Fable
dramatique écrite et mise en scène par Laurent
Bazin, avec Audrey Bonnefoy, Ava Hervier, Célia Kirche
et Céline Toutain.
La dysmorphobie est une maladie qui se caractérise par
le souci obsessionnel de défauts dans l'apparence physique.
Avant de rentrer dans la salle, le spectateur passera devant
une série de photographies de visages, tout ou partie
masqués, exposées comme conservées dans
du formol.
Face à ces photos, le spectateur trouvera
des "organes de confort", tels la "dentition
stomacale" ou la "barrette de mémoire",
en tête de gondole.
Laurent Bazin, à travers son texte, interroge le spectateur
sur son rapport à la chirurgie plastique, reconstructrice
ou esthétique. Laurent Bazin tourne à la farce
un monde obnubilé par le culte du corps et par le souci
d'esthétique.
Ainsi "Dysmopolis" est le nom
d'un grand groupe qui, autour de la chirurgie esthétique,
gère aussi bien des parcs d'attractions que des chaînes
de télévision, et produit une sitcom dont le héros
justicier façonne de jolis visages pour les gentils et
rend laid les méchants.
La pièce se compose comme
une somme d'histoires qui au final convergent vers le siège
de cette grande entreprise, les quatre actrices interprétant
plusieurs personnages.
Tout d'abord, on peut remarquer que Laurent Bazin n'a pas
beaucoup besoin de forcer le trait pour imaginer ses histoires.
La première fortune de France n'a-t-elle pas longtemps
été Liliane Bettencourt, l'héritière
des cosmétiques qui le valent bien?
Cette marque est
partenaire officiel du festival de Cannes et phagocyte d'avantage
chaque année l'évènement cinéma.
"Nip/Tuck", la série sur les chirurgiens esthétiques
californiens, cartonne depuis plusieurs années et montre
l'intérêt du public pour des monstres qui volontairement
s'allongent sur la table d'opération et s'offrent au
bistouri.
Depuis quelques temps, on a même vu débarquer
sur nos petits écrans des programmes de télé-réalité
comme "Miss Swan" ou "Extreme makeover"
dans lesquels des candidats postulent pour se faire remodeler
de la tête aux pieds.
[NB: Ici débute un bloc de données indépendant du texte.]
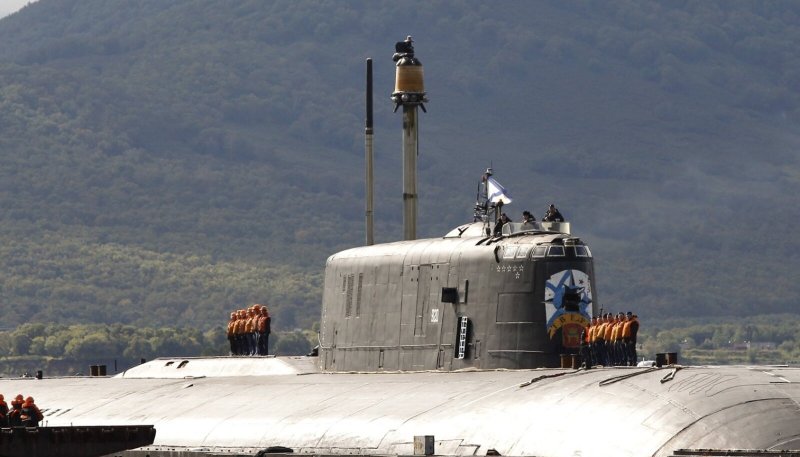 Подводная лодка Оберон чертеж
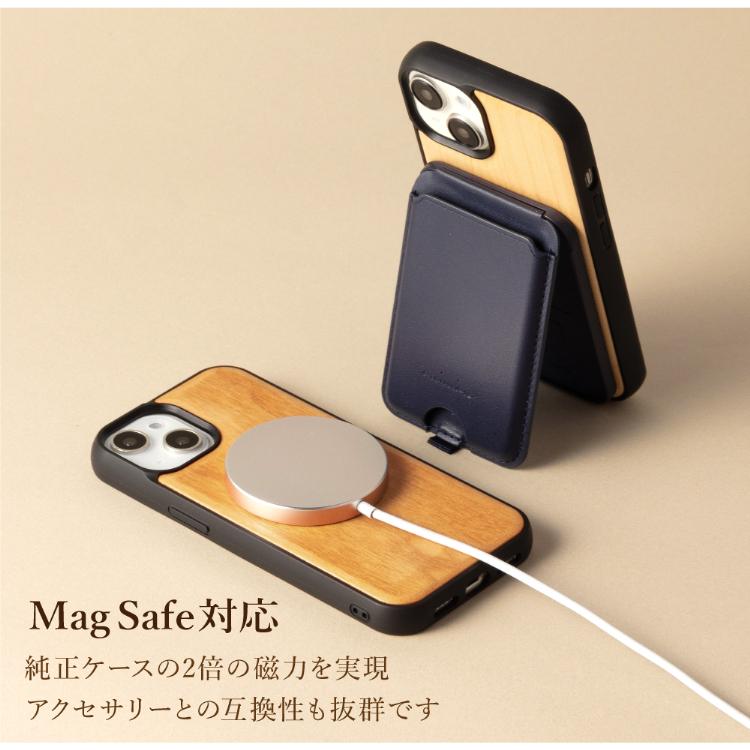 HanaRo iPhone15 ケース MagSafe対応 iPhone14 ケース iPhone15Pro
Ce spectacle saisit donc parfaitement
l'air du temps.
Ensuite on ne peut qu'être admiratif devant la scénographie
mise en place par Bérengère Naulot, qui joue des
projections lumineuses, des ombres chinoises et de matériaux
transparents et déformants pour instaurer l'ambiance
de la pièce. Cette ambiance est soulignée par
les voix amplifiées, parfois déformées,
des actrices, et aussi par des sons sourds qui installent le
spectateur comme en apnée.
Cependant le texte, dense, saute très rapidement d'une
saynète à une autre et donne une impression de
fouillis que la mise en scène peine à éclaircir.
Le seul moyen de reconnaître les personnages, et donc
de se retrouver dans les histoires de ce théâtre-chorale
(comme on parle d'un film-chorale), sont les prénoms
des personnages, et parfois leurs masques.
On saluera alors d'autant plus la performance des quatre actrices,
Audrey Bonnefoy, Ava Hervier, Célia Kirche et Céline
Toutain, qui jonglent d'un personnage à l'autre, se raccrochent
à un texte dont le fil conducteur se fait parfois ténu,
enfilent pour jouer masques de fils de fer ou de tulle, miment
et chantent.
Au sortir de ce spectacle, l'ensemble laisse un sentiment d'inachevé.